Subscribe to DSC Newsletter

Hi all,

do you have any (good or bad) experience of unsupervised fraud detection? What methods did you use - plain clustering or SOMs?

Read any white papers?

I'm interested in the case where you have some 1000 observations of data in the form of transactions.



Tags: detection, fraud, unsupervised

Views: 1521

Replies to This Discussion

Thanks for the feedback Kumud,
association and link analysis sounds like an interesting approach in fraud detection, not applicable in my case but anyway.

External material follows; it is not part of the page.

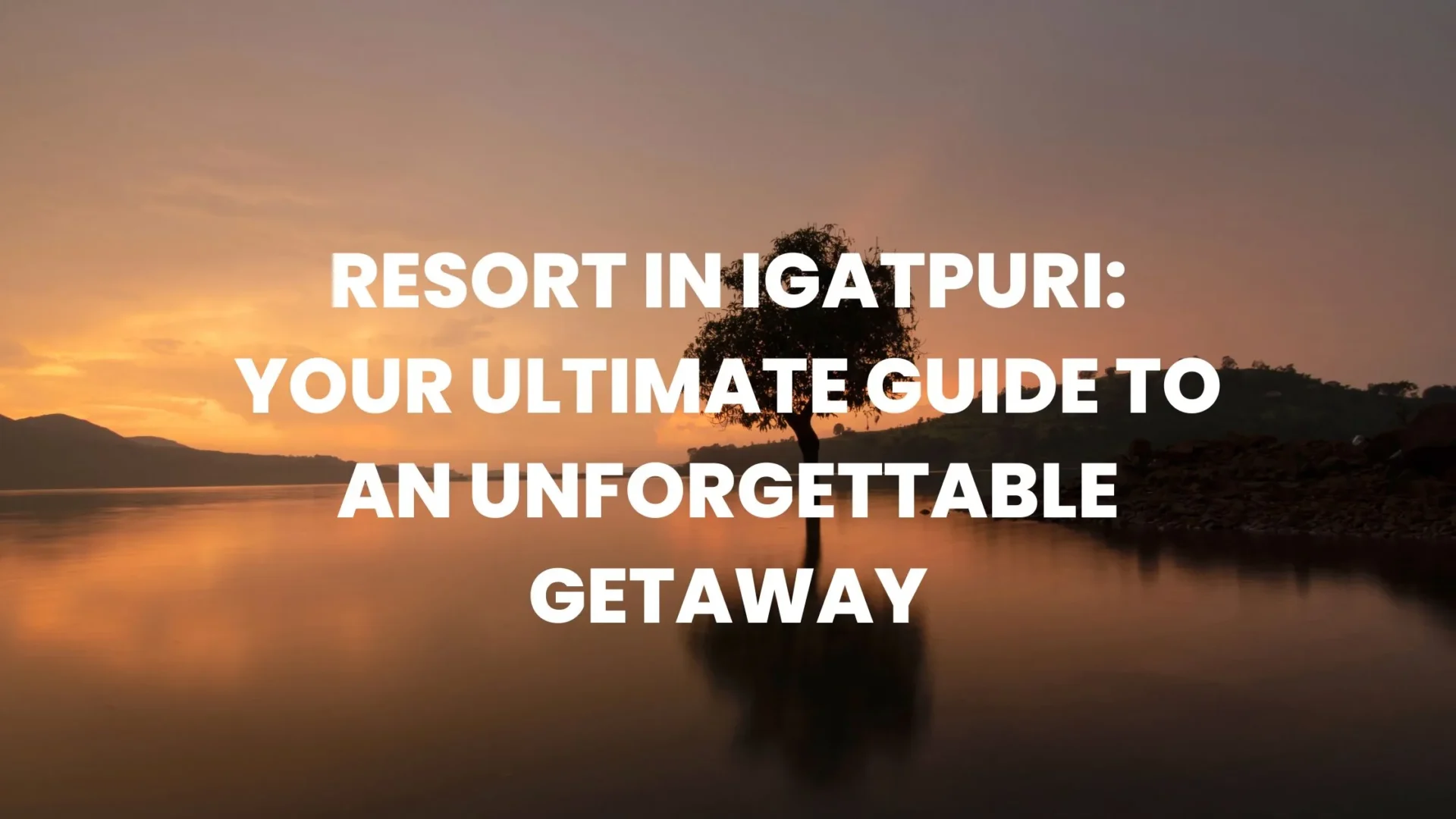Igatpuri Resorts: Your Ultimate Getaway Guide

Do you have any good references of Association and Link Analysis? Perhaps links that explain.
What does this refer to? I understand what is meant by "fraud detection" and by "unsupervised" but don't know if it is the fraud itself, or if it is detection of the fraud that is "unsupervised". In either usage, how does "unsupervised" fit?
I think it means that the algorithm used for detection is unsupervised clustering. In the context of spam or click fraud, unsupervised is typically used; in the context of credit card fraud, supervised is used. Supervised means that we have a training set at our disposal, with known fraudulent and non-fraudulent transactions.
That's correct Vincent.
The client wants me to develop a model that can identify suspicious behaviour that can be put on a watch list.
@John, I don't have any confirmed fraud cases since the client wants to monitor a new type of fraud. So I can't use a supervised method to find suspicious activity, instead some clustering method (unsupervised) can be used to identify transactions that can be related to the new fraud approach. That's why I used the term 'Unsupervised fraud detection' , what I ment was 'unsupervised method to be used in fraud detection'.

Hi Thomas,

I had worked on a small project where i identified/detected fraudulent transactions (fuel cards). The client was using SQL based rules to detect frauds. I used plain clustering/profiling methods and was able to detect almost twice the number of fraudulent transactions (compared to the number the client was able to catch with their existing rules).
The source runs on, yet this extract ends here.